══ Provided records ══
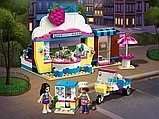 Конструктор Friend Кондитерская 341 деталь аналог Лего, фото 7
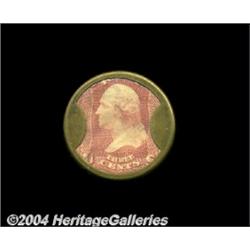 HB-30 EP-34a 3c Ayer's Sarsaparilla Choice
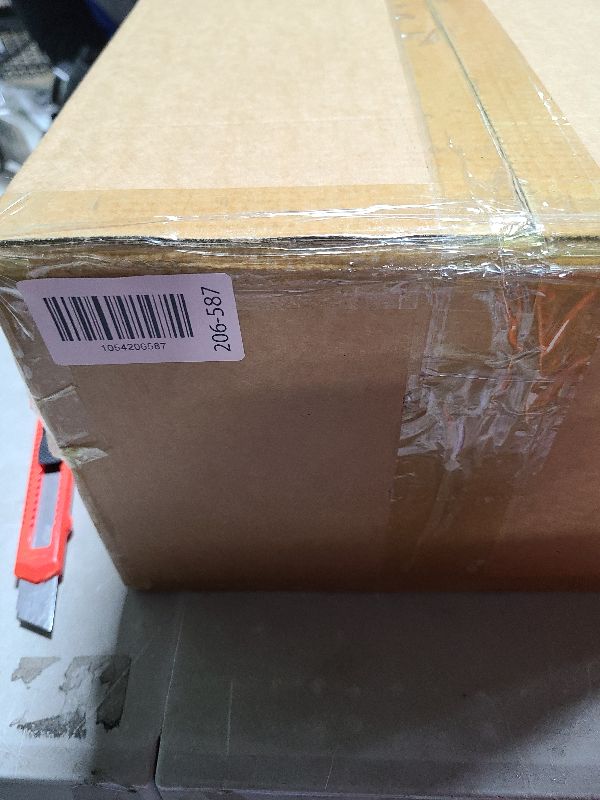 Photo 2 of Large Glass Storage Containers with Lids, Extra Large Glass Food Containers for Rotisserie Chicken/Turkey and Potluck, Giant Watermelon Container, XL Big Bowl Freezer Storage Container Airtight 200oz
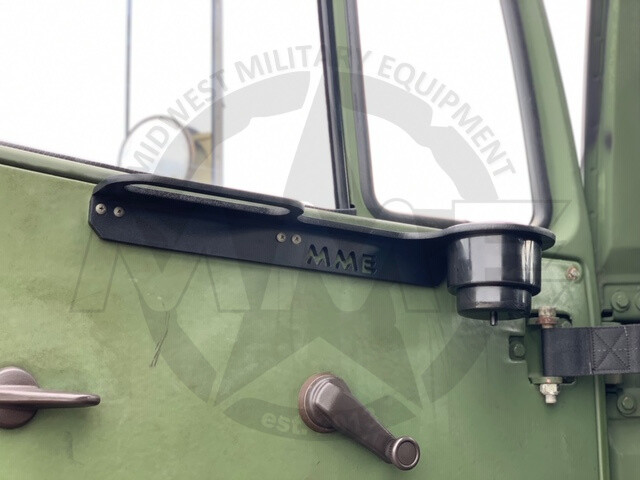 Interior Door Grab Handle W/ Cup Holder For LMTV & MTV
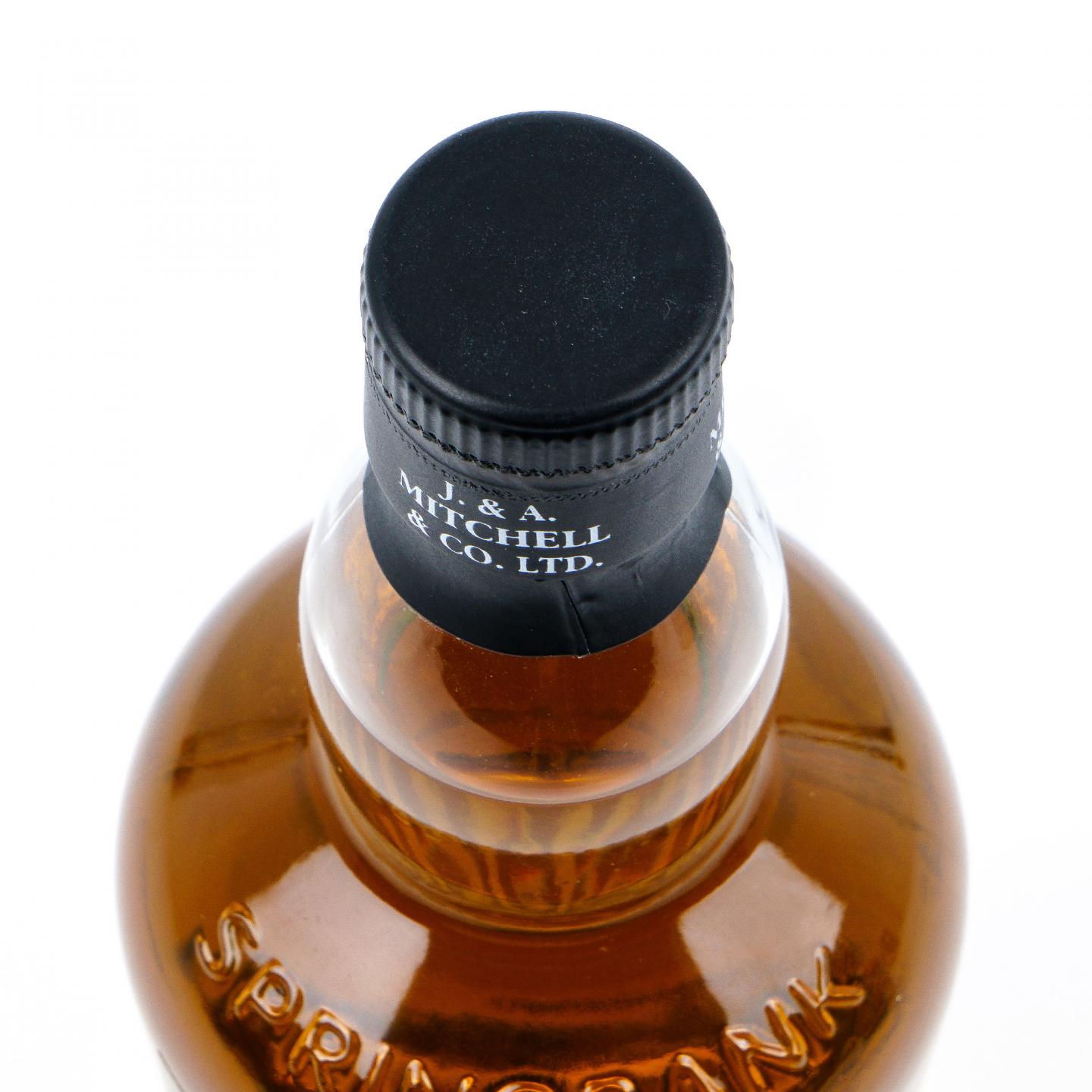 Springbank 云顶 5年 100°proof 2025版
═══
* _What is needed_: Starting with the line that holds "HB-30 EP-34a 3c Ayer's Sarsaparilla Choice", print each line through the last one of the data exactly as written, but do not include the pictures.

* _Written solution_:
 HB-30 EP-34a 3c Ayer's Sarsaparilla Choice
 Photo 2 of Large Glass Storage Containers with Lids, Extra Large Glass Food Containers for Rotisserie Chicken/Turkey and Potluck, Giant Watermelon Container, XL Big Bowl Freezer Storage Container Airtight 200oz
 Interior Door Grab Handle W/ Cup Holder For LMTV & MTV
 Springbank 云顶 5年 100°proof 2025版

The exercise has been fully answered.